3.1.3               Indemnification . Seller and Buyer jointly and severally agree to indemnify and hold harmless said Escrowee from any and all costs, damages and expenses, including reasonable attorneys’ fees, that said Escrowee may incur in its compliance of and in good faith with the terms of this agreement; provided, however, this indemnity shall not extend to any act of gross negligence or willful malfeasance on the part of the Escrowee.

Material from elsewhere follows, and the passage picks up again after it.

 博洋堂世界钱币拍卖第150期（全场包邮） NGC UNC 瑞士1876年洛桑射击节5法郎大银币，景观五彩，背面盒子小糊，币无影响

4.     Closing . The closing of the transfers contemplated hereby (the " Closing ") shall be held and completed on or before April 15, 2005 (the " Closing Date "), through an escrow with the Title Company or in another mutually agreeable manner and location. Time shall be of the essence in respect of Buyer's obligation to purchase the Premises on the Closing Date.

5.

Condition of Title .

(a)   Title to Premises . Fee simple title to the Premises shall be owned by the Company at the completion of Closing, subject only to the Permitted Encumbrances (hereinafter defined). Title to the Premises shall be such as will be insured by the Title Company (as hereinafter defined) pursuant to the standard stipulations and conditions of the most current standard ALTA form of Owner's Title Insurance Policy in use in the State of Maryland, free and clear of all liens and encumbrances, except for the Permitted Encumbrances. The term " Permitted Encumbrances " shall mean (w) the Existing Leases (as hereinafter defined) in effect as of the Closing Date, (x) the additional matters affecting the Premises as set forth in the Title Commitment (as defined below) and not objected to under Section 5(c), and (y) any matters reflected on any update of the Buyer's Title Commitment as to which Buyer does not timely object in accordance with this Paragraph 5. Title to the Personal Property, if any, shall also be subject to the Permitted Encumbrances, to the extent applicable.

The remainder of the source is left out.